“Özellikle yolda yürürken, dışarıdayken olurdu; beni birilerinin izlediğini, gölgemmiş gibi benimle birlikte yürüdüğünü ama her nedense yukarılardan bir yerlerden beni gördüğünü düşünürdüm. Hareketlerime dikkat ederdim. Oyuna dalarsam unuturdum; bazen de günlerce aklıma gelmezdi izlendiğim.”
Ethem Baran gündelik hayattan yalın kesitler aktarmadaki, herhangi bir insanın başına gelebilecek herhangi bir olayı anlatmadaki ustalığına sağlam bir halka ekliyor Bulut Bulut Üstüne’yle. Karısını bir başkasından kaçırarak evlenen adamın, karısının şimdi de bir başkasına kaçabileceği kuşkusunu; bir türlü yaşadıkları yerden kopamayan, kendilerini orayı bekleyen deniz fenerleri olarak gören kasabalıları veya hiç kimsenin tanımadığı, kıyıda köşede kalmış yazarları… Hepsini bir sarrafın mercek üzerinden eğildiği değerli bir kuyummuş gibi inceliyor, ince ince yazıyor.
İÇİNDEKİLER
Ormanın Denize Düştüğü………………………………………………..9
Ata Binmiş Ali Ağa’yı Tahmis………………………………….21
Artık Paçalarım Çamur Olmuyor………………………..35
Ankara Hatları Vapuru…………………………………………………..41
Ahretlik Bacı……………………………………………………………………………….49
Uzaklar…………………………………………………………………………………………….53
Önü Sıra Öldüğüm………………………………………………………………..61
Kırık Çatal Meyhanesi……………………………………………………..67
Yerini Yadırgayan………………………………………………………………….73
Ankara Herifi……………………………………………………………………………..79
Kızılcık Dalı………………………………………………………………………………..91
İlgili Makama…………………………………………………………………………….99
Sıra Bana Gelmiyor………………………………………………………….109
Ormanın Denize Düştüğü
Penceremizin rengi birdenbire değişir, gökyüzü deli bir boşlukta sere serpe uzanır, balkonumuz silme denizle dolardı. Balkondan aşağı, sokağa atlasam, denize düşeceğim, yaz birdenbire başlayacak sanırdım. Oysa yaz çoktan başlamış olurdu, onunlayken. Okul dönüşlerinde, parktaki salıncaklarda pusuya yatardı ve Serap’ın çocuk kalmayı sürdüren neşeli çığlıkları yeni bir mevsime çoktan adım attığımızı duyururdu. Ben onu sallarken ellerim de onunla birlikte gökyüzüne ulaşır, ışıklar içinde kalırdı. Sonra koyu, alaca serin bir yeşilliğin içinde kaybolurdu bir anlığına. Ellerimle tekrar buluştuğunda tüm bedenim onun şımarık çığlıklarıyla sarsılırdı.

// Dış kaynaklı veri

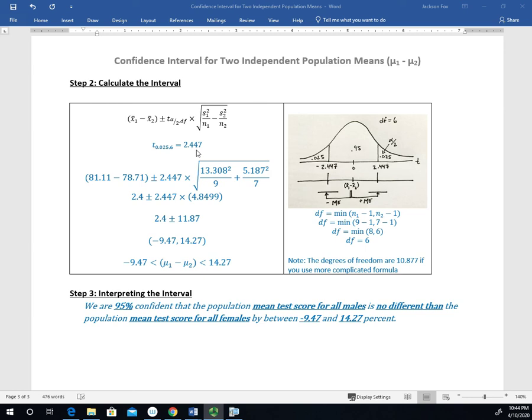There's two things that we need to know. We need to know what the alpha over two value is, and we need to know what the degrees of freedom are. So we're doing a 95% confidence interval, which means there's 5% left over to be shared with each of the tails. We have 0.025 for each of the tails. That's going to be our alpha over two value.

Dünyanın bu kadar uçsuz bucaksız olmasına, duygularımın salıncağa konmuş bir kuş hevesiyle uçup gitmesine şaşardım. İnsan sayısız kez var olabilirmiş, diye düşünürdüm o sırada. Yeniden yeniden doğuyormuş gibi acemi çırpınışlarla kendini yenilerdi kalbim. Bu ağaçlar, bu gökyüzü, bu güneşli mavinin içinde akan deniz, bu gözlerime batıp duran yaprak gölgeleri yeniden yaratılırdı sanki. Tanrının kimbilir daha ne güzellikler gördüğünü, neler neler bildiğini düşünürdüm bir yandan. Aklına ne güzellikler geliyordu yaratmak için. Kuş cıvıltıları parkın ağaçlarına çarpıp parçalanarak uçar, denizin üstüne serpilirdi. Kalenin yüksek surlarında dalgalanıp yüzümüzde kırılan denizin sevinçli ışıklarından gözlerimiz kamaşa kamaşa eve doğru yürürdük, aynı yolları bisikletlerimizle geçme hayaliyle. Şimdi pencerenin üst kısmında çizgi çizgi, nokta nokta, belli belirsiz, tarazlanmış, kıpırtılı bir derinlik; altta, öne doğru daha açık, durgun, sığ, göl gibi, ışıkla oynaşan, dinlenmiş bir mavilik… Dün de bir ara öyle oldu. Yaz öncesi, aceleci, kaçak bir gündü.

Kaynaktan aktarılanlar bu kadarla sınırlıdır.